Justin, working on his homework, made good use of his time.
Working on his homework, Justin made good use of his time.
Moving the phrase can change which word the phrase is modifying.
Justin made good use of his time working on his homework.
(Now the phrase is modifying time.)
Definition: A participial phrase is misplaced if it seems to modify a word other than the one the writer intended to modify. It is often added to a sentence as an afterthought. The idea was clear in the author’s mind, but it didn’t translate to the reader.
Misplaced: We got on the bus, soaked from the rain. (Was the bus soaked?)

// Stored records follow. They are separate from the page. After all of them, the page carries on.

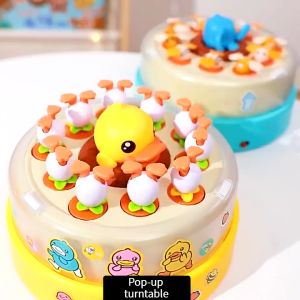 （Penghantaran 24 jam）Childrens fishing plate toy parent-child interactive little duck bouncing rotating fish plate toy gift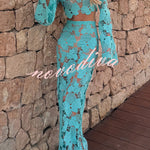 Kylee Floral Cutout Embroidered High Neck Bell Sleeve Crop Top and High Rise Flare Maxi Skirt Set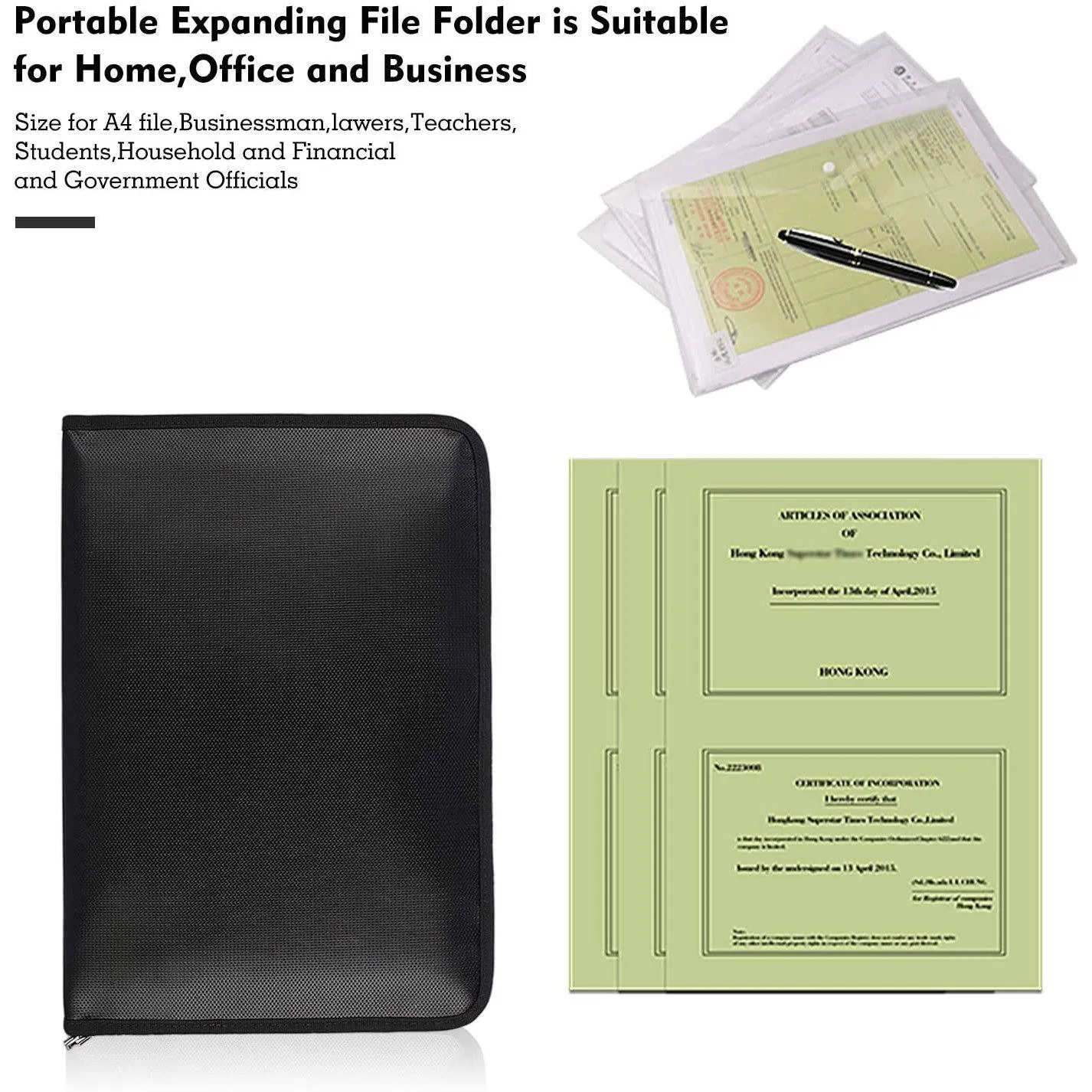 Fireproof and Water Resistant File Folder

Better: Soaked from the rain, we got on the bus.
Definition: A participial phrase is dangling if it modifies a word that is not in the sentence at all.Dangling:
Sitting in the back row, the board was hard to see. (The board wasn’t sitting in the back row.)
Mowing the lawn, grass clippings got all over my face. (The grass clippings weren’t mowing the lawn.)
Sitting in the back row, I couldn’t see the board well.
Mowing the lawn, I got grass clippings all over my face.